■ ACTIVITY:
Among the entries below, copy only the span from the line containing "Groene katoenen T-shirt" through the line containing "The Monastery - Sant Antimo Willa". Do so exactly, and skip the pictures.

■ RECORDS TO PROCESS:
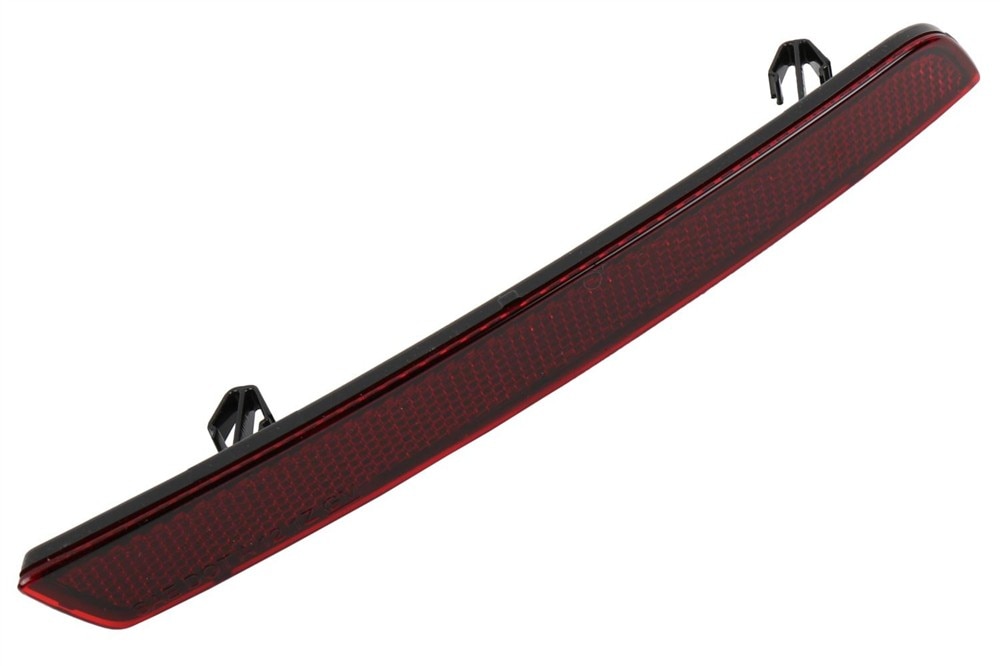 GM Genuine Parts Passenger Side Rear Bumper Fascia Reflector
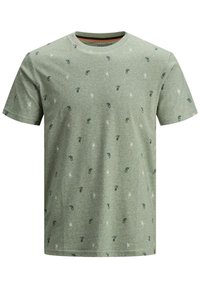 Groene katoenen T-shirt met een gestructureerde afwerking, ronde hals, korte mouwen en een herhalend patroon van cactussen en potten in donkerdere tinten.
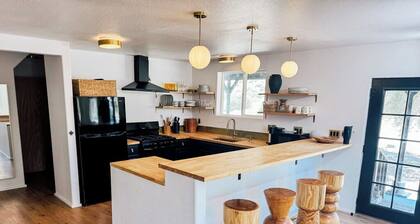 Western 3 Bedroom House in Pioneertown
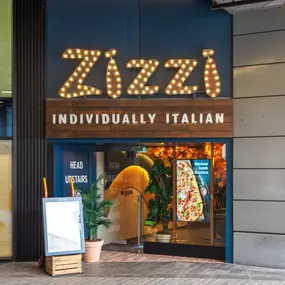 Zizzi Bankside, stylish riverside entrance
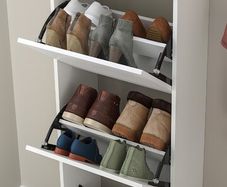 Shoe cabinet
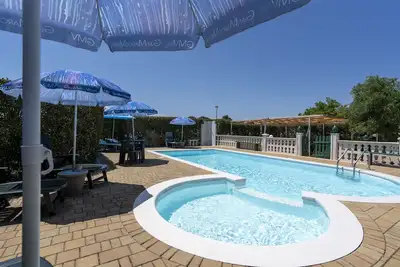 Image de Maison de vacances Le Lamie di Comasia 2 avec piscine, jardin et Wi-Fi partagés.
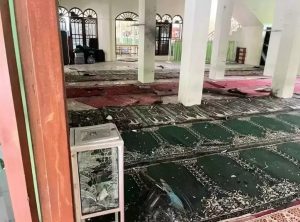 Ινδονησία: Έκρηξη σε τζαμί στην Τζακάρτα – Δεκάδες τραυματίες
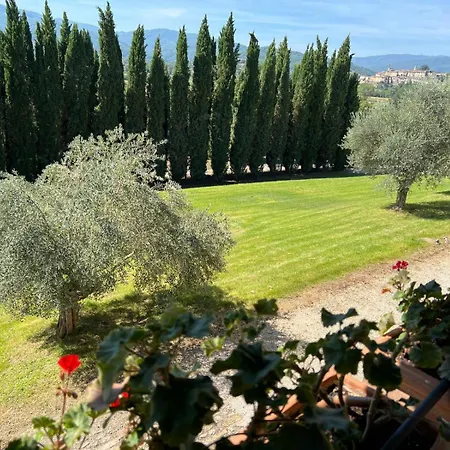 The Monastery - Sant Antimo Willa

==

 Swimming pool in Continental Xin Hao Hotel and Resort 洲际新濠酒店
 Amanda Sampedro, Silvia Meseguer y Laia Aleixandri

--

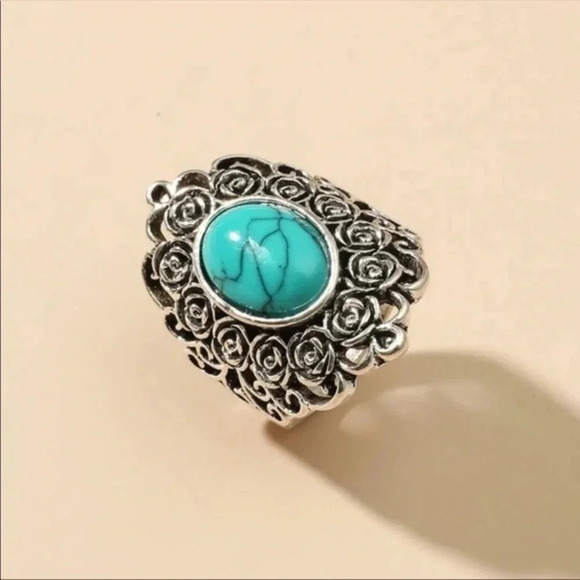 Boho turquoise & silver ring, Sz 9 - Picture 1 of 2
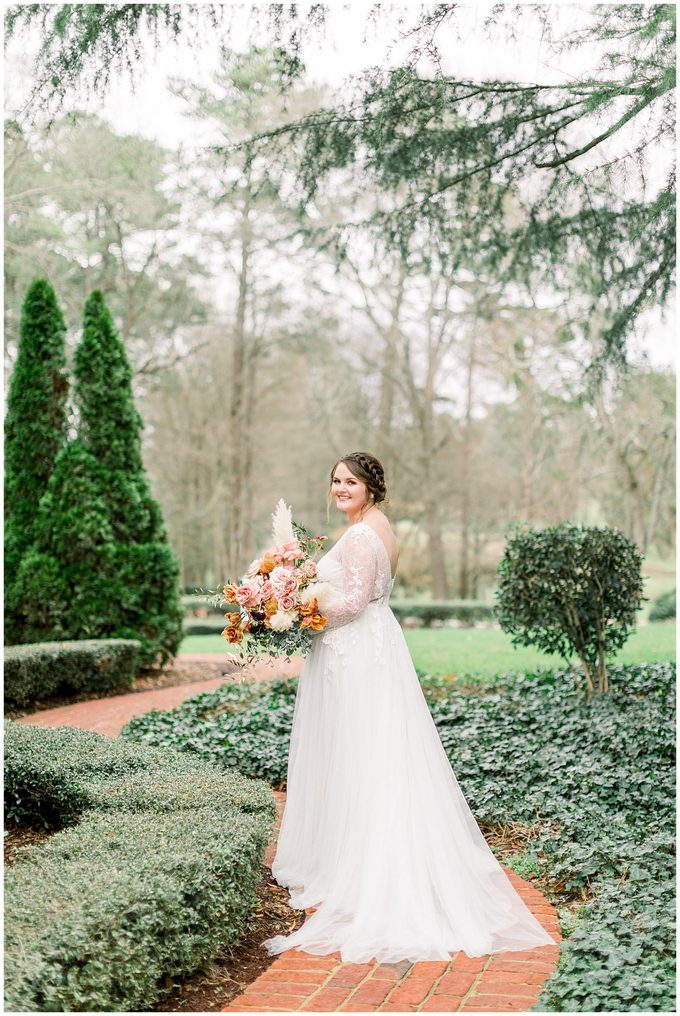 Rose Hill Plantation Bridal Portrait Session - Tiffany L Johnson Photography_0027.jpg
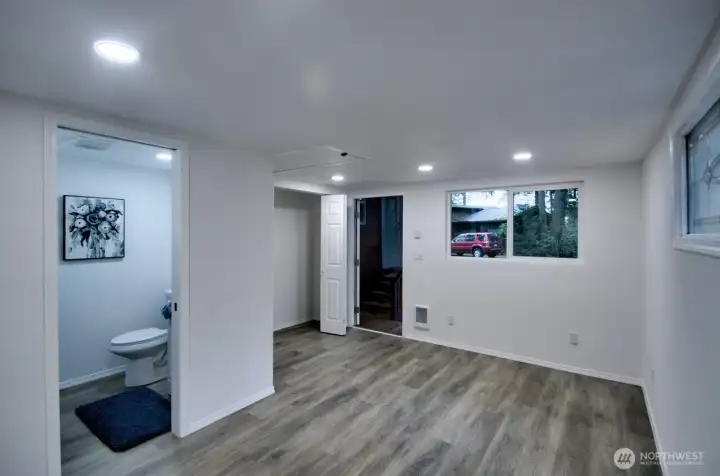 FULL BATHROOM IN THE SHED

■ OUTPUT FOR THIS EXERCISE:
 Groene katoenen T-shirt met een gestructureerde afwerking, ronde hals, korte mouwen en een herhalend patroon van cactussen en potten in donkerdere tinten.
 Western 3 Bedroom House in Pioneertown
 Zizzi Bankside, stylish riverside entrance
 Shoe cabinet
 Image de Maison de vacances Le Lamie di Comasia 2 avec piscine, jardin et Wi-Fi partagés.
 Ινδονησία: Έκρηξη σε τζαμί στην Τζακάρτα – Δεκάδες τραυματίες
 The Monastery - Sant Antimo Willa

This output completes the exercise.